▶ _ACTIVITY_
Only these lines are needed: the first line of the entries below through the line with "Dòng người xếp", each returned exactly.

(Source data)
**********

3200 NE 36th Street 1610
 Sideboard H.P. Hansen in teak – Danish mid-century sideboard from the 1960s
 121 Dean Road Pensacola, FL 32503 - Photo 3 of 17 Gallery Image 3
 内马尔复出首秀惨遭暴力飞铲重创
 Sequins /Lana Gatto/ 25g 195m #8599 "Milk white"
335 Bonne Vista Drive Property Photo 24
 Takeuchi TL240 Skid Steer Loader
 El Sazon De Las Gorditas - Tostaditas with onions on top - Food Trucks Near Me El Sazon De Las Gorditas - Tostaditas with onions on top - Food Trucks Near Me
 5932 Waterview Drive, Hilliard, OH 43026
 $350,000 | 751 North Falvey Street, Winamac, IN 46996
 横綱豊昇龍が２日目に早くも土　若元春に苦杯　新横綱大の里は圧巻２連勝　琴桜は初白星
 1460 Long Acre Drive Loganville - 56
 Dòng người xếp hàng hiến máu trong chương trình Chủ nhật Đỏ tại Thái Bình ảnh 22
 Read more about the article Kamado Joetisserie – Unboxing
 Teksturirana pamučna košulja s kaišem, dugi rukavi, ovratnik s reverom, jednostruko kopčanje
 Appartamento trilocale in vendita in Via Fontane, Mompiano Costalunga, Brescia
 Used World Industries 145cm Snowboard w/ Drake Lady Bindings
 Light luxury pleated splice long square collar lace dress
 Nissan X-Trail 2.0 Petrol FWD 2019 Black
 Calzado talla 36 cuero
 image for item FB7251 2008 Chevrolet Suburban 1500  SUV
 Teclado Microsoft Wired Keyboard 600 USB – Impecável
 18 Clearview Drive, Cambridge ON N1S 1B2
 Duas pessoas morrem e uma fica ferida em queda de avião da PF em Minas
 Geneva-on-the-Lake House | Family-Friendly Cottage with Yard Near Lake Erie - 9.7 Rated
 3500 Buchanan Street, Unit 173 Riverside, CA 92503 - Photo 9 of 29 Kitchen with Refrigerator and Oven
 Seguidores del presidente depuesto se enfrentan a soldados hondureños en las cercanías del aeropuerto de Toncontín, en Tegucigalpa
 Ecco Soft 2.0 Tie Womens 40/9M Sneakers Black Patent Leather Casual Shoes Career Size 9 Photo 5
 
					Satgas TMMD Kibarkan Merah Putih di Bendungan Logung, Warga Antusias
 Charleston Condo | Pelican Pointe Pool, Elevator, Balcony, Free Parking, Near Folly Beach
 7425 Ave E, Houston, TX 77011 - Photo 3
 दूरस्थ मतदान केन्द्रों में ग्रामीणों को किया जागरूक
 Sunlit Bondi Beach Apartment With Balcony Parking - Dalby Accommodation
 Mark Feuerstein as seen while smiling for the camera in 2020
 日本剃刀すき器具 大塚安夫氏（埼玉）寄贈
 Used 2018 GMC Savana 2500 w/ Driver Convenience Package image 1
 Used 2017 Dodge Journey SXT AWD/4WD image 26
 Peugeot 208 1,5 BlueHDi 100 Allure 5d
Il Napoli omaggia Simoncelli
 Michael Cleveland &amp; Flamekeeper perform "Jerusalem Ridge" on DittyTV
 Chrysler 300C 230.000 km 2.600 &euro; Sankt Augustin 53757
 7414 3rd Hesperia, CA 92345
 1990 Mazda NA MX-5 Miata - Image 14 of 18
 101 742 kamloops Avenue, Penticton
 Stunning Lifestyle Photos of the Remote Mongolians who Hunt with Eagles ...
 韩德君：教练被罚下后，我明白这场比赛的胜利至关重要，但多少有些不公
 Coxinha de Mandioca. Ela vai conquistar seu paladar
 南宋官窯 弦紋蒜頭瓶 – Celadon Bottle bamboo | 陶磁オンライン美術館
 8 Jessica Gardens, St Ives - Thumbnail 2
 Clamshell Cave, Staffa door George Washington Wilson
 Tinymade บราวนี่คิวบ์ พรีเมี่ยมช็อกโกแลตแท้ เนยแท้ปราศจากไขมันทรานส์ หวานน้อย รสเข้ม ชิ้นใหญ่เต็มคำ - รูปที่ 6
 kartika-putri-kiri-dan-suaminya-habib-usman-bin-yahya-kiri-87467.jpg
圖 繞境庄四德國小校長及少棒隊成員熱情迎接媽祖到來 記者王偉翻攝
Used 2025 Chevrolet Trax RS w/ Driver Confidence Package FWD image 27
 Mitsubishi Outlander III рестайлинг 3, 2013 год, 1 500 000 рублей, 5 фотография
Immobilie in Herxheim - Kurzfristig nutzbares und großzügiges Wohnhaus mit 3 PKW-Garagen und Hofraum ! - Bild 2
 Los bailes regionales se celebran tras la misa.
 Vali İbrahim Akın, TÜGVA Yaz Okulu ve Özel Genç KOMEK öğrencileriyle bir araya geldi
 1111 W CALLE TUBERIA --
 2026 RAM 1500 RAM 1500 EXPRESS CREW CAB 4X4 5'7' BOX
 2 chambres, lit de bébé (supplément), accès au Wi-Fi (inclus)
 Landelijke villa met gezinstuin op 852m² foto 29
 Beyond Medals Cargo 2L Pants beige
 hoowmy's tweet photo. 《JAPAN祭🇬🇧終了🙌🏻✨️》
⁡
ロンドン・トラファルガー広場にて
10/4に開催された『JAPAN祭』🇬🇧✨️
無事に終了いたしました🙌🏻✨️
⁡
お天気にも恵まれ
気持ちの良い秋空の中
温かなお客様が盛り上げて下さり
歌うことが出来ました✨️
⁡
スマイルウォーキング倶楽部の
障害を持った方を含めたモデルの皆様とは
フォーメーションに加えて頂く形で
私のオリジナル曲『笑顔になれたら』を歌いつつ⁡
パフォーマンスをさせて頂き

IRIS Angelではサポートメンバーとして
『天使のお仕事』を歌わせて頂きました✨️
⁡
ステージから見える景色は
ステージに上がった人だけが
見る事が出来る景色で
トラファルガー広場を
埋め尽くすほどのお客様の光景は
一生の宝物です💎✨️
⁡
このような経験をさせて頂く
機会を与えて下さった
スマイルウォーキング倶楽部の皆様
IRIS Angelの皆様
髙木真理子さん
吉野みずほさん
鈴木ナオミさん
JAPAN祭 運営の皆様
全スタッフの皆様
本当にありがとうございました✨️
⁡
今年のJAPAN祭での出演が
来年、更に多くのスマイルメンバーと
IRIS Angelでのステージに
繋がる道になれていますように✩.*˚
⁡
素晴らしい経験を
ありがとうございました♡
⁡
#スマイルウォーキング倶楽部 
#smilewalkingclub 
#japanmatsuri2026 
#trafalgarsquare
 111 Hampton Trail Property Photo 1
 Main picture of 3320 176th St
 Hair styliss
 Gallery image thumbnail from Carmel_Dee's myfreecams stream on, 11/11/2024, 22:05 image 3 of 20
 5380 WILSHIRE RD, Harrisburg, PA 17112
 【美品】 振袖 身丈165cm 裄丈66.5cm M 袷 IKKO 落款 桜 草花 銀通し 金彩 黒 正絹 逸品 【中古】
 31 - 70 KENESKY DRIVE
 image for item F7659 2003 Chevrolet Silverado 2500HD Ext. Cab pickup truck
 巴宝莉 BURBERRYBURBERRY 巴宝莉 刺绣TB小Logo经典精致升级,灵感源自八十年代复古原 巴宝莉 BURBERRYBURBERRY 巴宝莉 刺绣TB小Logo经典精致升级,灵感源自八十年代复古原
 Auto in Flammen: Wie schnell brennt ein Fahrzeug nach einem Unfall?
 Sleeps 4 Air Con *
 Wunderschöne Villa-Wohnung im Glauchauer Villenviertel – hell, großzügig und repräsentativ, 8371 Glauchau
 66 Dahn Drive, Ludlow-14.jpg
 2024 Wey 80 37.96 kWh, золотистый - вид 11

**********

▶ _ANSWER BOX_
3200 NE 36th Street 1610
 Sideboard H.P. Hansen in teak – Danish mid-century sideboard from the 1960s
 121 Dean Road Pensacola, FL 32503 - Photo 3 of 17 Gallery Image 3
 内马尔复出首秀惨遭暴力飞铲重创
 Sequins /Lana Gatto/ 25g 195m #8599 "Milk white"
335 Bonne Vista Drive Property Photo 24
 Takeuchi TL240 Skid Steer Loader
 El Sazon De Las Gorditas - Tostaditas with onions on top - Food Trucks Near Me El Sazon De Las Gorditas - Tostaditas with onions on top - Food Trucks Near Me
 5932 Waterview Drive, Hilliard, OH 43026
 $350,000 | 751 North Falvey Street, Winamac, IN 46996
 横綱豊昇龍が２日目に早くも土　若元春に苦杯　新横綱大の里は圧巻２連勝　琴桜は初白星
 1460 Long Acre Drive Loganville - 56
 Dòng người xếp hàng hiến máu trong chương trình Chủ nhật Đỏ tại Thái Bình ảnh 22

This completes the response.